- env.close() is dependent on the environment, so it will do different things for each one. It basically is used to stop rendering the game, as seen in the code here.
def close(self):
if self.screen is not None:
import pygame
pygame.display.quit()
pygame.quit()
self.isopen = False
total_timesteps
is the total amount of timesteps you'd like to train your agent. n_steps
is the parameter that is used to decide how often to update a model. Feel free to look at the documentation if you're still confused.
- From the documentation, verbosity is how much is printed out about the model at each update:
verbose (int) – the verbosity level: 0 no output, 1 info, 2 debug
- No. As you are only calling the model's
predict()
function, this question doesn't make sense since you can easily call the predict()

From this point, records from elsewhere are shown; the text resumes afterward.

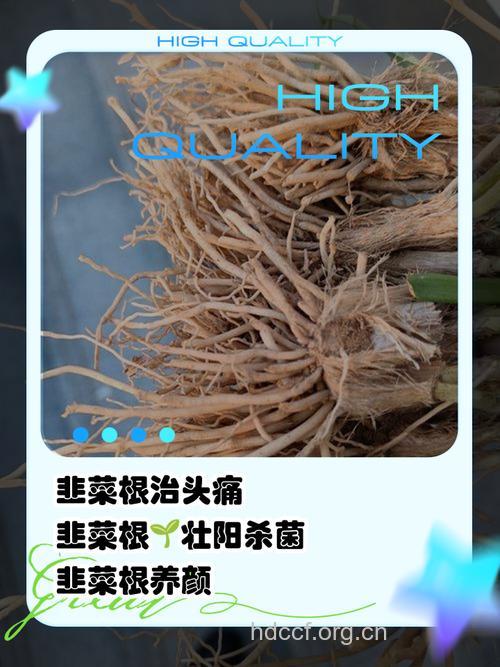 韭根的功效与作用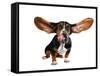 A Basset Hound With Long Flying Ears-graphicphoto-Framed Stretched Canvas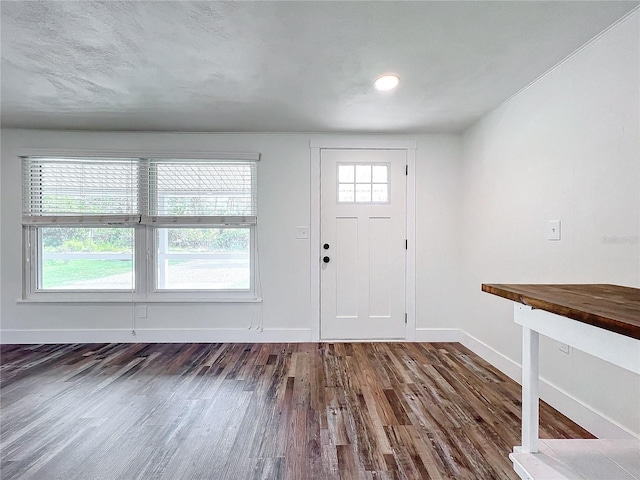 foyer entrance featuring dark hardwood / wood-style flooring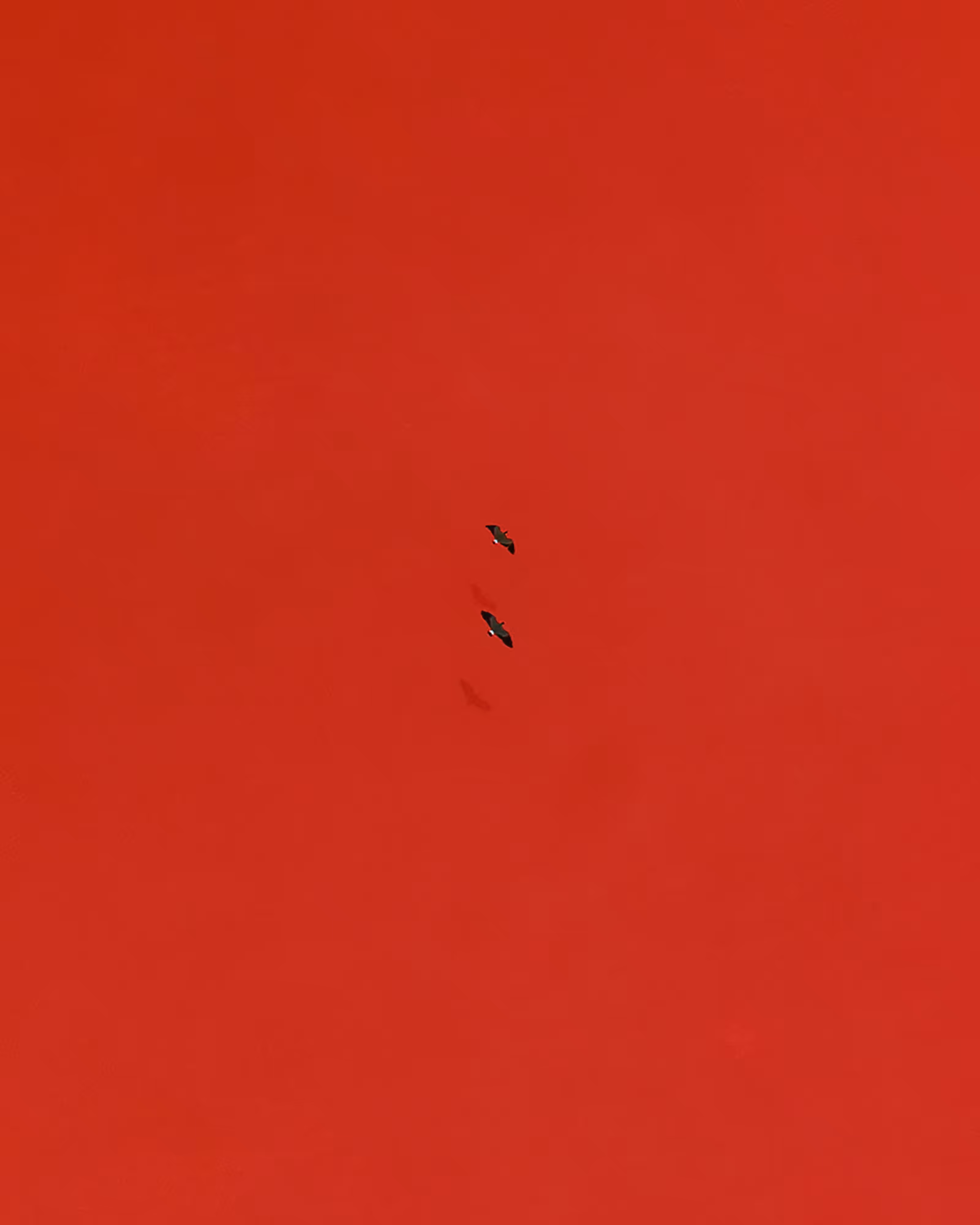 Birds of a feather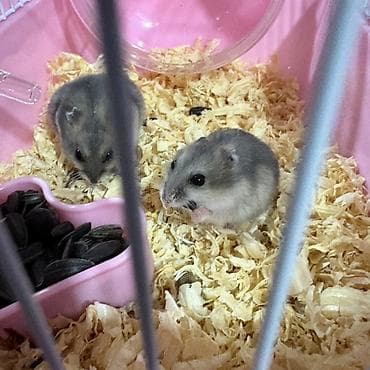 kirpi ne yeyir: Cırtdan hamsterlər – ev heyvanı Məhsul təsviri: - Kiçik ölçülü — 2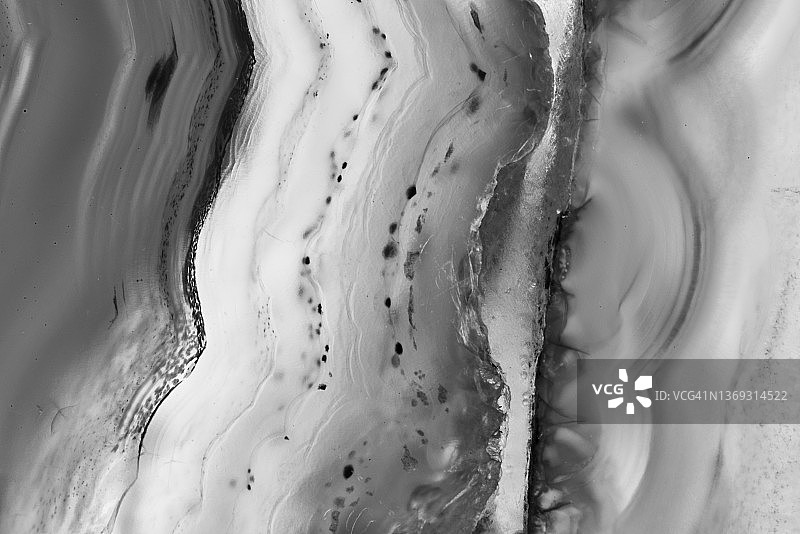 黑白现代仿生流体画图片素材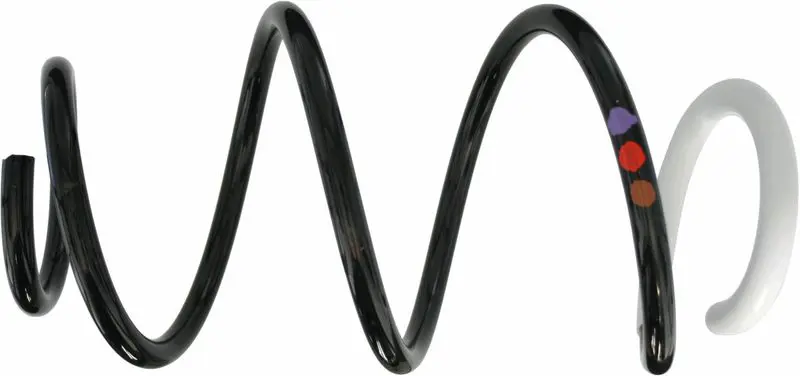 SACHS 993920 Пружина ходовой части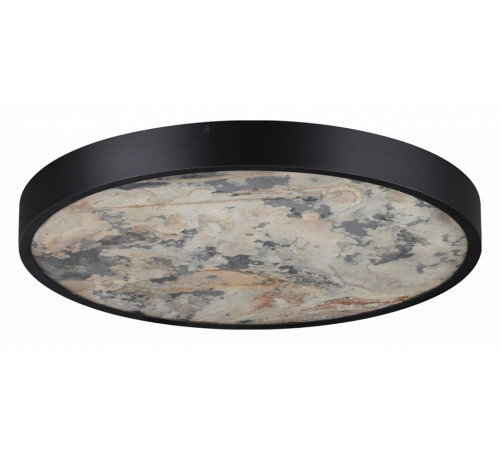 Настенно-потолочный светильник Odeon Light Bergi 5064/40L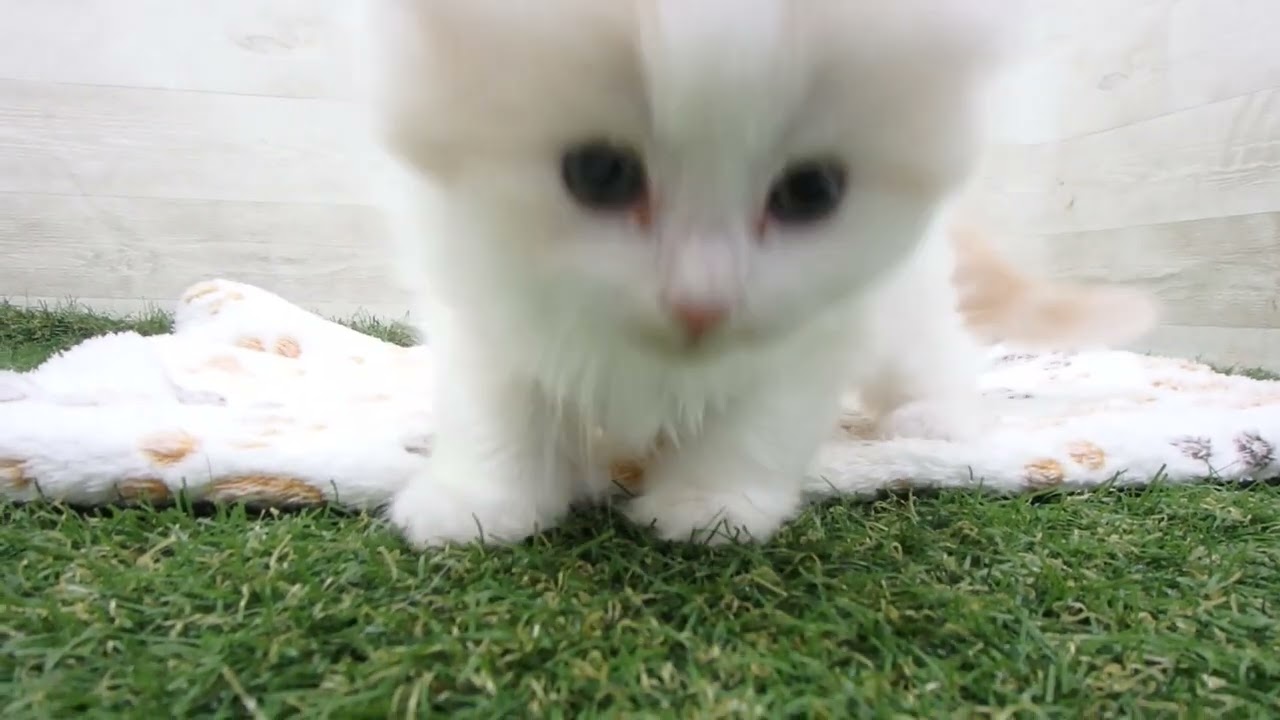 Coo&RIKU　No00634079 スコティッシュフォールド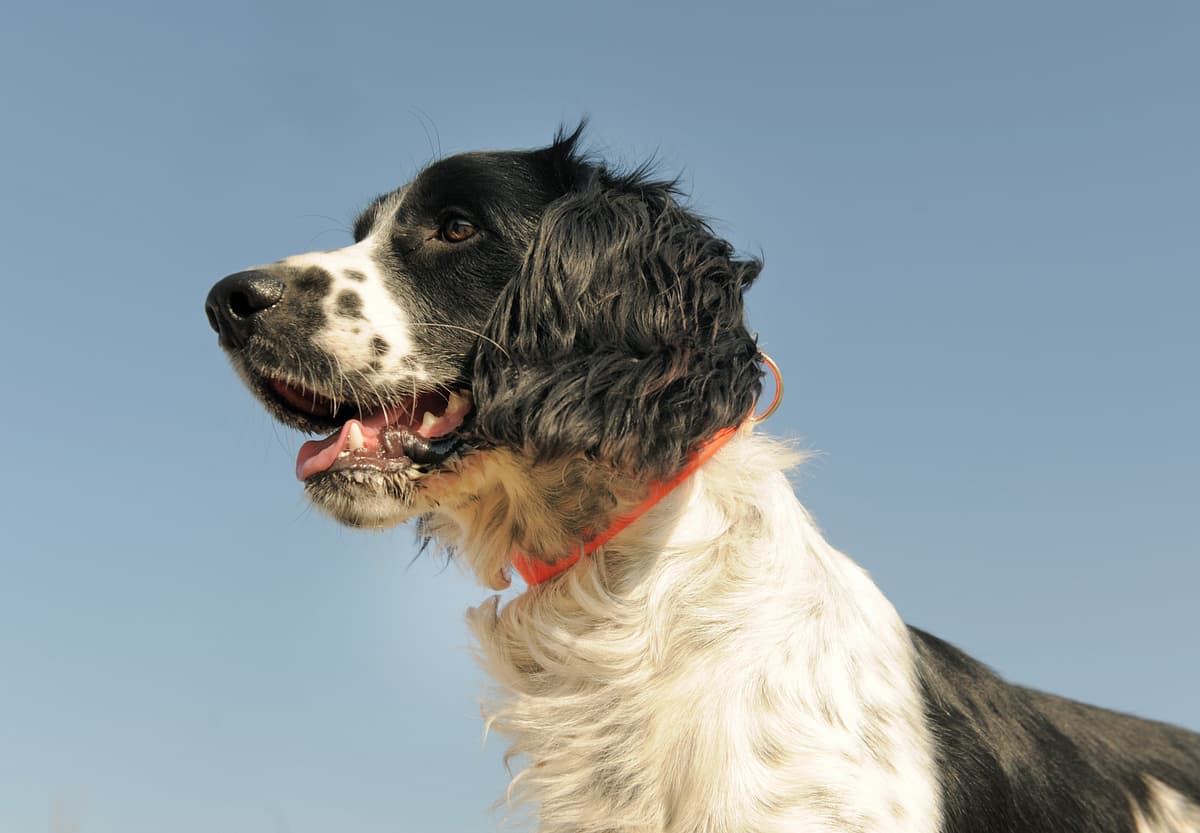 French Spaniel with family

function immediately afterward with deterministic=False
and you would get a stochastic action. The model itself is neither stochastic nor deterministic. PPO, in particular, gets actions by first inputting an observation to the actor's network, which will output what are called logits, or unnormalized log action probabilities. Those logits are then passed through a Categorical distribution which is essentially a Softmax() operation to get the action probability distribution. A simple pseudocode example to get actions from the policy's network would be as follows:
logits = policy_network(observation)
probs = Categorical(logits=logits)
actions = probs.sample()
As you can see from this code:
def get_actions(self, deterministic: bool = False) -> th.Tensor:
"""
Return actions according to the probability distribution.
:param deterministic:
:return:
"""
if deterministic:
return self.mode()
return self.sample()
Stable Baselines uses the deterministic
input you mentioned to either call the Categorical distribution's mode()
function or it's sample()
function. The code from both are in Pytorch's documentation:
def sample(self, sample_shape=torch.Size()):
if not isinstance(sample_shape, torch.Size):
sample_shape = torch.Size(sample_shape)
probs_2d = self.probs.reshape(-1, self._num_events)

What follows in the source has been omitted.